Taking straight from the Sitecore documentation, excessive interactions cause significant harm on both the xConnect roles and the backend Collection database (aka, the Shards). To make matters worse, as there are several databases and roles that interact together, this bottleneck can cause a host of issues to the point of destabilizing an environment:
A contact with an excessive number of interactions can cause high resource consumption on the xConnect instance and SQL databases. This can result in HTTP Server errors because the requests take a long time to execute… Contacts with several thousands of interactions must be checked further since they might cause harm to the system
https://support.sitecore.com/kb?id=kb_article_view&sysparm_article=KB0417184
How Do I Find Excessive Interactions?
Get you SQL query chops ready and fire up SSMS because there a few key queries to run against the Shard databases to surface if and where excessive interactions are occurring.

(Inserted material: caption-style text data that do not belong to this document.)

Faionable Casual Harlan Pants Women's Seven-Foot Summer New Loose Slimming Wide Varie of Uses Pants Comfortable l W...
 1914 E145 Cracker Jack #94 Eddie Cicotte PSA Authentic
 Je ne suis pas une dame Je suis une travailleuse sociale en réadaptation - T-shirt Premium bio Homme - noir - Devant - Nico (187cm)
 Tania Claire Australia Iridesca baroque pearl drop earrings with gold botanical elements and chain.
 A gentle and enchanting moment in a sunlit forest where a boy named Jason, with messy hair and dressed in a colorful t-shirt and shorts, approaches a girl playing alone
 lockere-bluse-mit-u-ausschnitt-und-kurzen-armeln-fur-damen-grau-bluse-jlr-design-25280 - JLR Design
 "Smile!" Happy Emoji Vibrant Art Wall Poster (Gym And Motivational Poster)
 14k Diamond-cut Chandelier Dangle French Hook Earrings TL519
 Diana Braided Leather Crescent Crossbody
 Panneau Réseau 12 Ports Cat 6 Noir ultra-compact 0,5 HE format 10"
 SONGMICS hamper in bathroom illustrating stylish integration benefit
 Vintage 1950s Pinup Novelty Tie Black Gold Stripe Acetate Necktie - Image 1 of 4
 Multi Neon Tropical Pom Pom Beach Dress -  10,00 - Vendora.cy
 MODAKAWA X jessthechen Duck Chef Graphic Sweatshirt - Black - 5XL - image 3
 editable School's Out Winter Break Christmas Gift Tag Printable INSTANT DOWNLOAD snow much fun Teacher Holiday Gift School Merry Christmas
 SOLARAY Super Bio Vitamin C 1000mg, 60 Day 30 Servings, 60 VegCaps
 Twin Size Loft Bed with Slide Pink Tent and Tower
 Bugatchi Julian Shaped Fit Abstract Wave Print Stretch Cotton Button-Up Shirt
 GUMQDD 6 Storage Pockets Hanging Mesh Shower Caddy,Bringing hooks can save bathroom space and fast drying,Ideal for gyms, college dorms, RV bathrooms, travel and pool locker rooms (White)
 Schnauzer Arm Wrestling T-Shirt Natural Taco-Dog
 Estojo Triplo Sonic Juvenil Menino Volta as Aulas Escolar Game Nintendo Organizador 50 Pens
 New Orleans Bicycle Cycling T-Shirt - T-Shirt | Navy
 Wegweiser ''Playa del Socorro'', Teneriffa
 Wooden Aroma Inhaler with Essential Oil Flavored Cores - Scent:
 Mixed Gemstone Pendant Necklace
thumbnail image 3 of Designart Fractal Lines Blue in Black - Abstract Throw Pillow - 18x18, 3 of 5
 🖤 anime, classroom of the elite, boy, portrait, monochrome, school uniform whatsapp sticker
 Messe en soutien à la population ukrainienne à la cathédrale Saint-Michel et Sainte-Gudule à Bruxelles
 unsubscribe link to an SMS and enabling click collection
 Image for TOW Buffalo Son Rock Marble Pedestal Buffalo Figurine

Step 1 is to locate the data. This is achieved by getting the list of contacts first and then for contacts with large interactions, drilling into the interaction data. Per the Sitecore documentation, you need to run the following against each Shard as Sitecore and the Shard Map Manager will send contacts/interactions across Shards (thus Sharding):
SELECT TOP (100) ContactId, COUNT(ContactId) as Count
FROM [xdb_collection].[Interactions]
GROUP BY ContactId
ORDER BY Count DESC
Once you have a consolidated list of contacts you can query the interaction data if you see a large amount of interaction data. This is per contact, so the query would be something as follows:
SELECT TOP (100) *
FROM [xdb_collection].[Interactions]
WHERE ContactId = '6ffc58de-6c56-0000-0000-05d6639738da'
Both of these examples are taken directly from the Sitecore documentation at: https://support.sitecore.com/kb?id=kb_article_view&sysparm_article=KB0417184
Analyzing the Data
Once you have the interaction data, the next step is to analyze the data. This is where you would evaluate the UserAgent to ensure its not a bot (and configure robot detection management if excessive). You will also want to evaluate the Events to check the pages viewed and any subsequent API calls.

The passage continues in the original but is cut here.